Studio album by Johnny Mathis
- Released: July 28, 1958 (mono) August 18, 1958 (stereo)
- Recorded: May 15–16, 1958 June 17, 1958
- Studio: CBS 30th Street Studio New York City
- Genre: Vocal
- Length: 31:53
- Label: Columbia
- Producer: Mitch Miller Al Ham

Johnny Mathis chronology
| Johnny's Greatest Hits (1958) | Swing Softly (1958) | Merry Christmas (1958) |

= Swing Softly =

Swing Softly is the fifth album by American pop singer Johnny Mathis that was released on July 28, 1958, by Columbia Records and was a departure from the ballads that accounted for the vast majority of singles and album tracks he had recorded thus far. This project features uptempo arrangements of popular standards, most of which originated in a movie or stage musicals, and a couple of new songs: "To Be in Love" and "Easy to Say (But Hard to Do)".

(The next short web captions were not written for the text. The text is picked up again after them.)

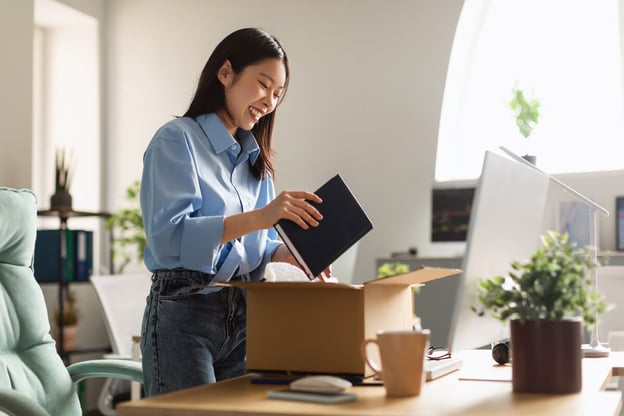 Entrepreneur packing her stuff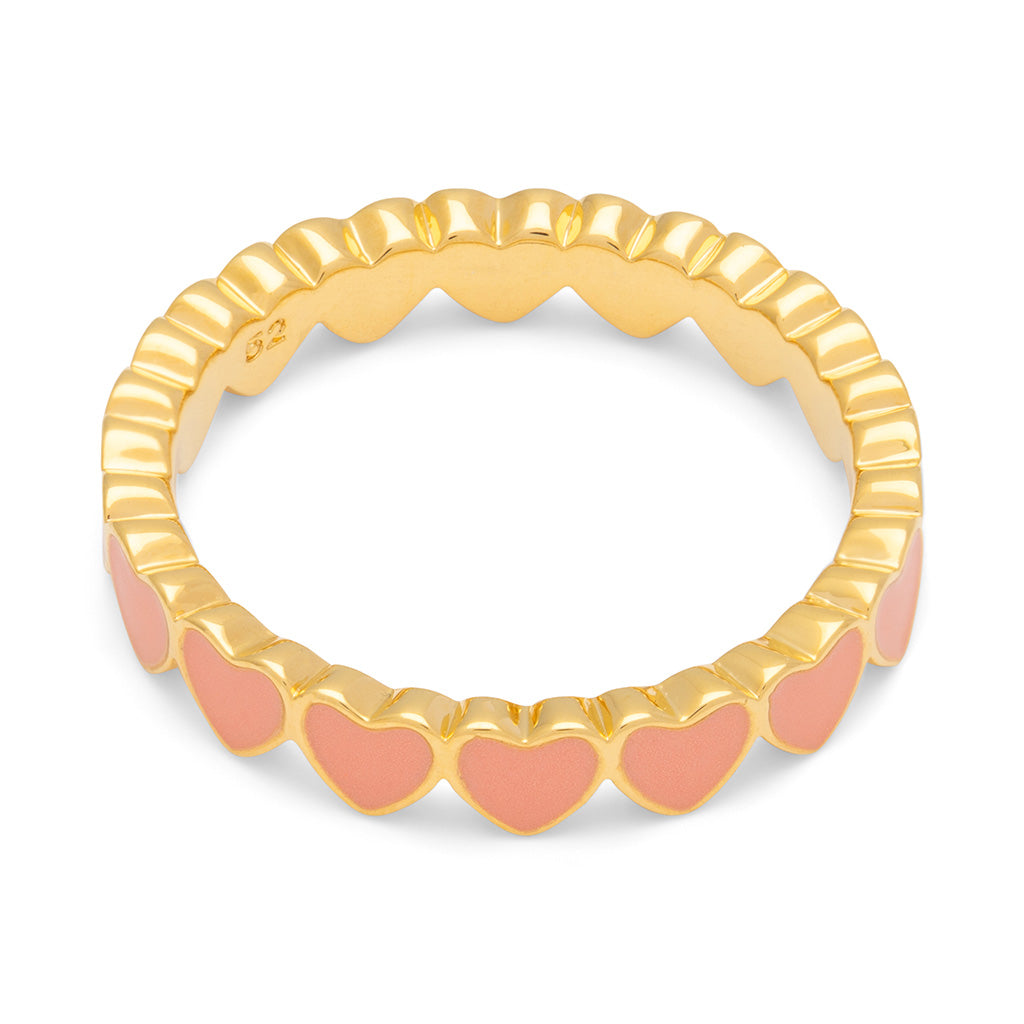 Ring Connected Hearts - Burnt Coral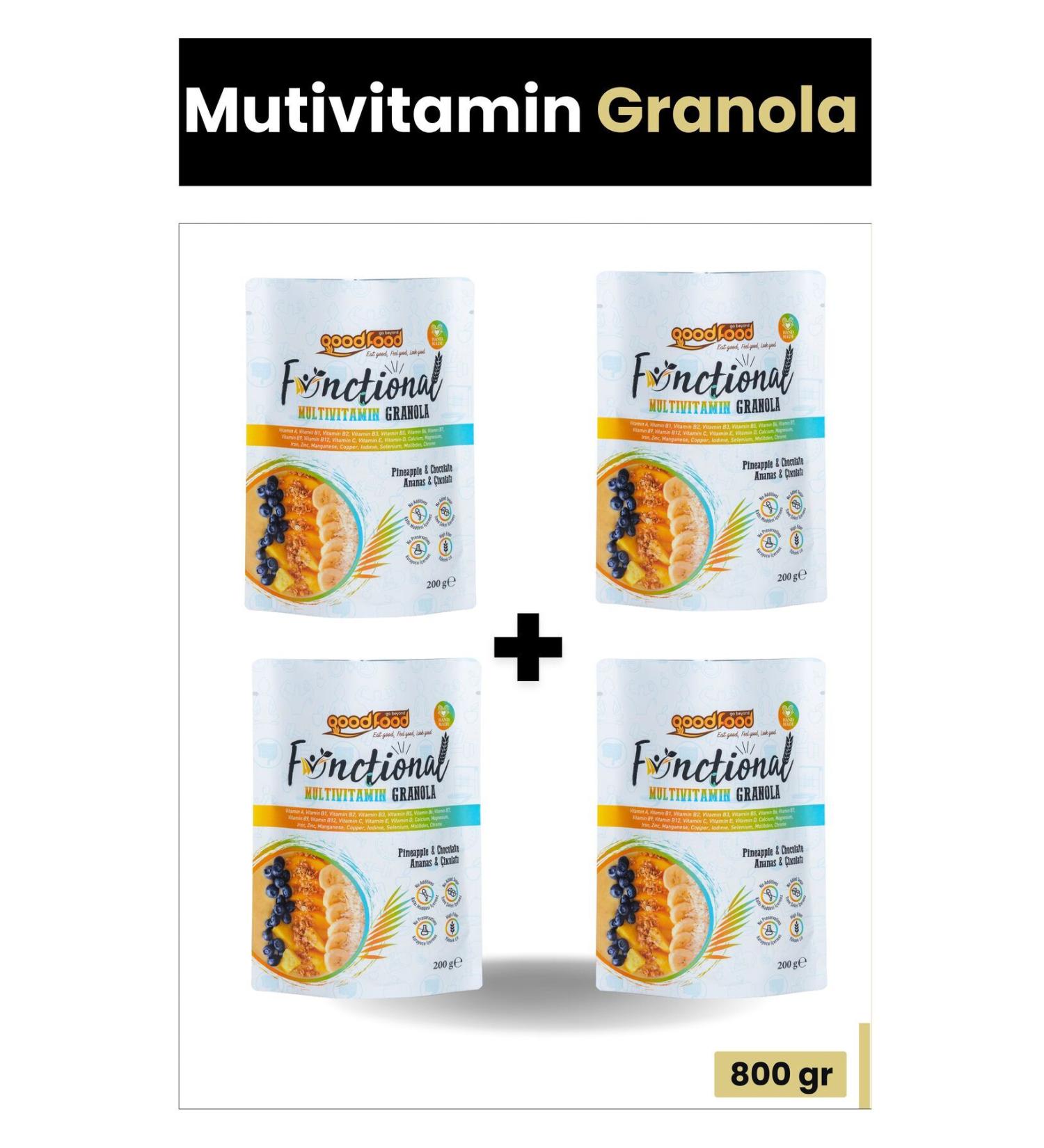Good Food Pineapple & Chocolate Granola High Fiber Vitamin & Mineral 200 G Pack of 4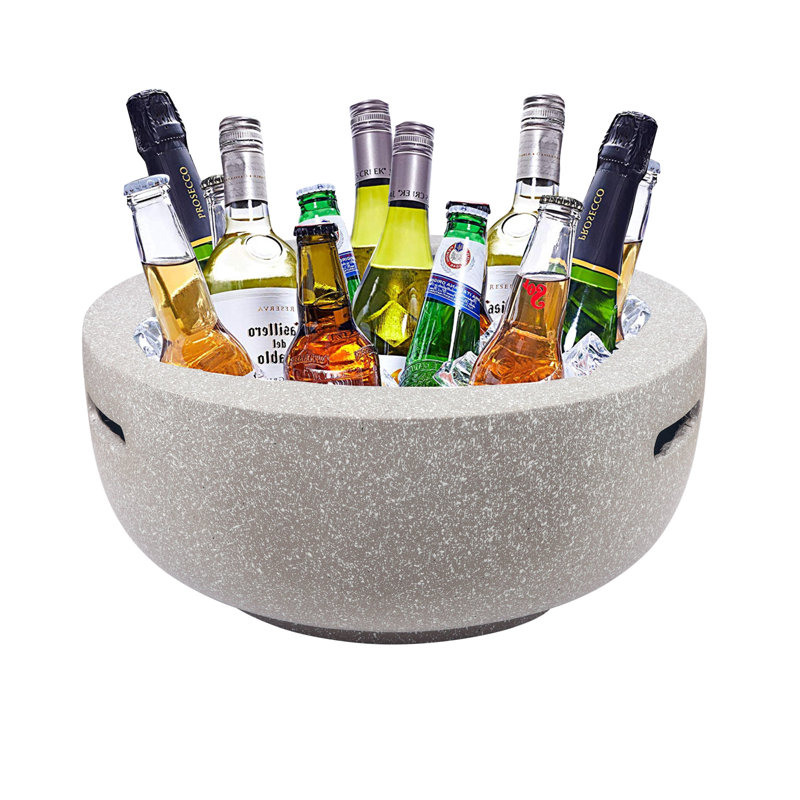 Frankie-Mai Round Polyresin Smokeless Fire Pit, Gray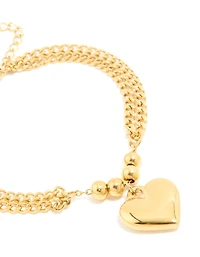 Waterproof Gold Plated Stainless Steel Heart Charm Double Row Bracelet
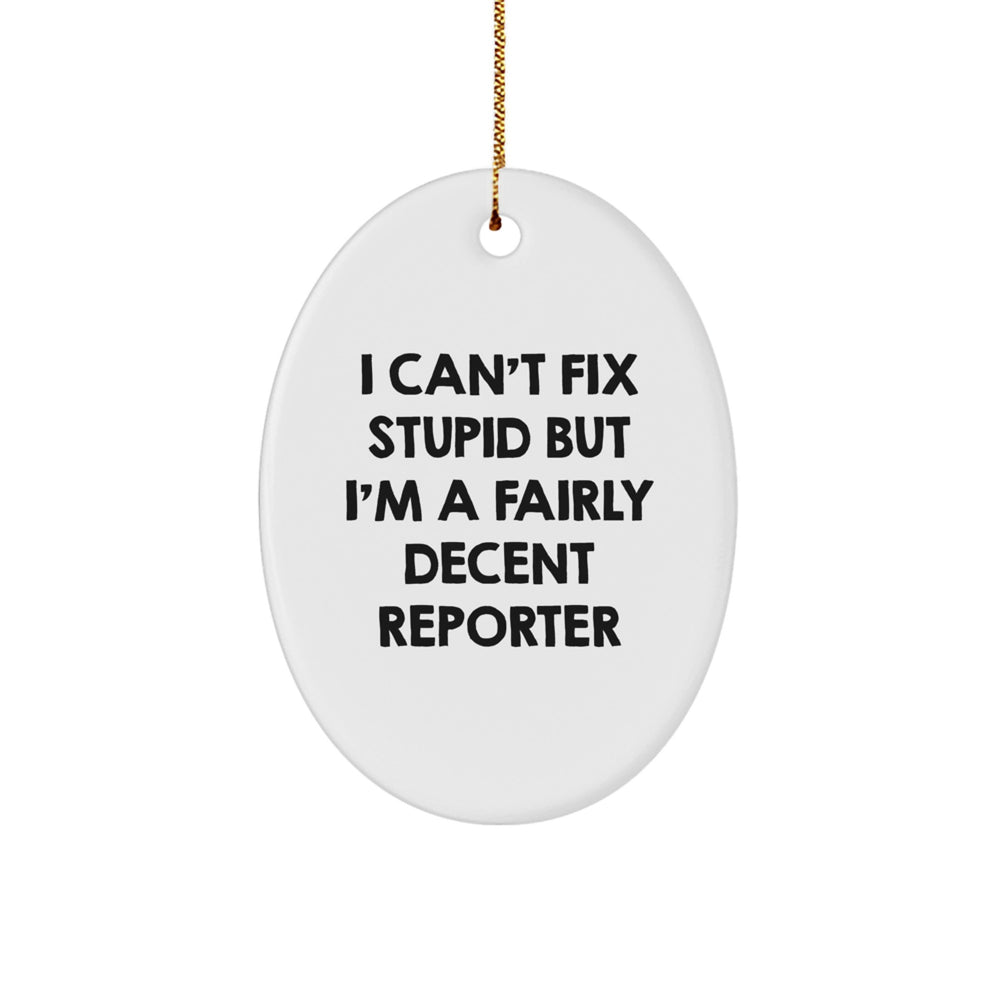 Funny Reporter Gifts from Friends - I Can't Fix Stupid Oval Ornament for Reporter's Desk - Unique Christmas Unique Gifts - Image 1
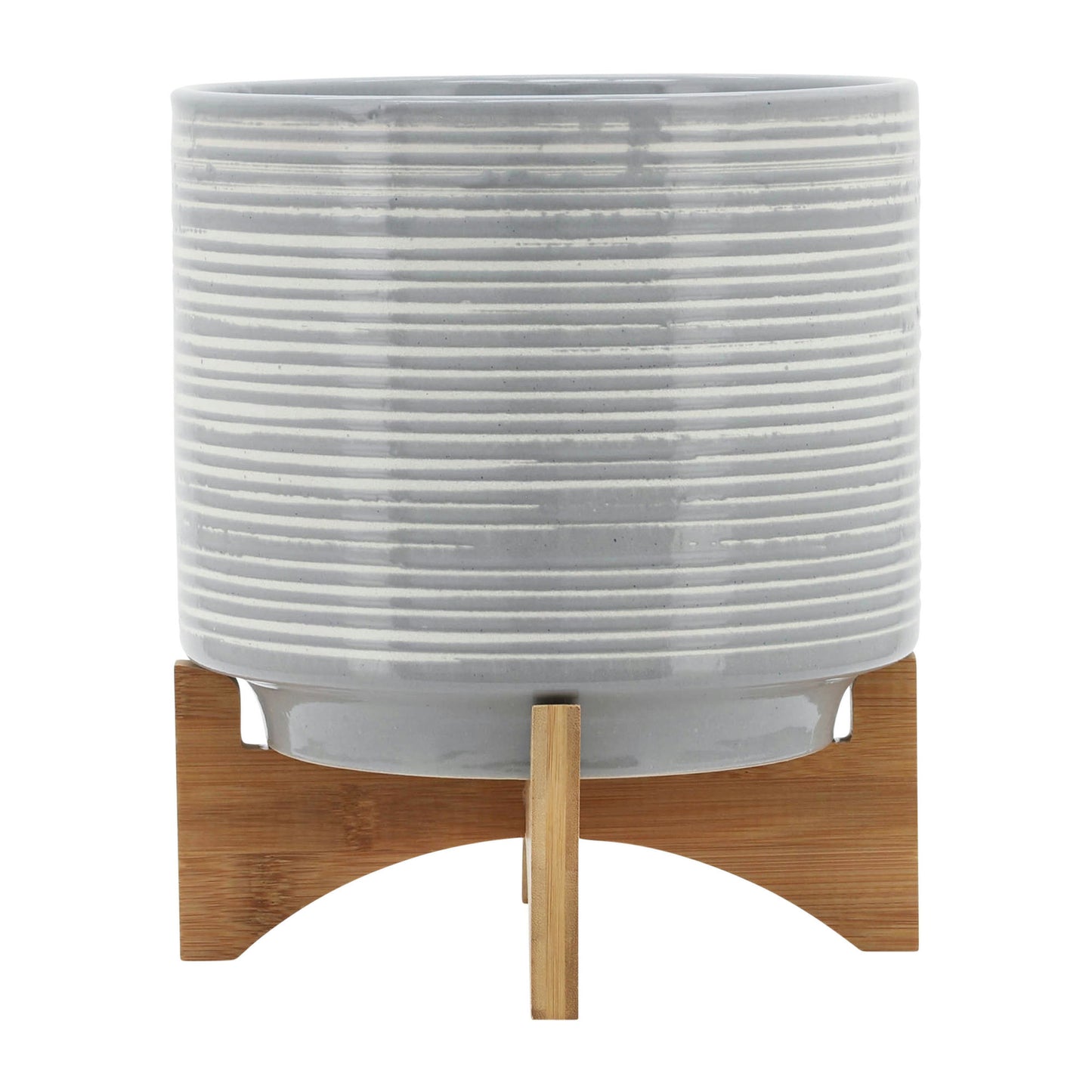 Ceramic 10" Planter On Stand, Gray Lines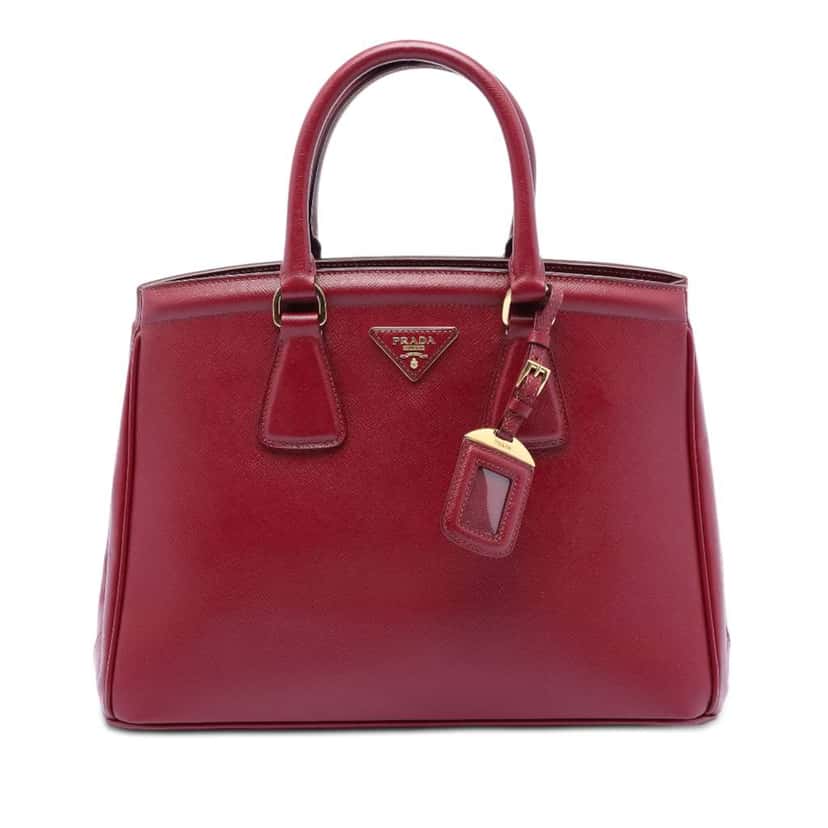 Prada Saffiano Lux Parabole Tote Red Leather Good condition - Front View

The album made its first appearance on Billboard magazine's list of the 25 Best-Selling Pop LPs in the US in the issue dated September 8, 1958, and peaked at number six over the course of 16 weeks. It also spent its sole week on the UK album chart at number 10 and received Gold certification from the Recording Industry Association of America for sales of 500,000 copies in the US on December 4, 1962.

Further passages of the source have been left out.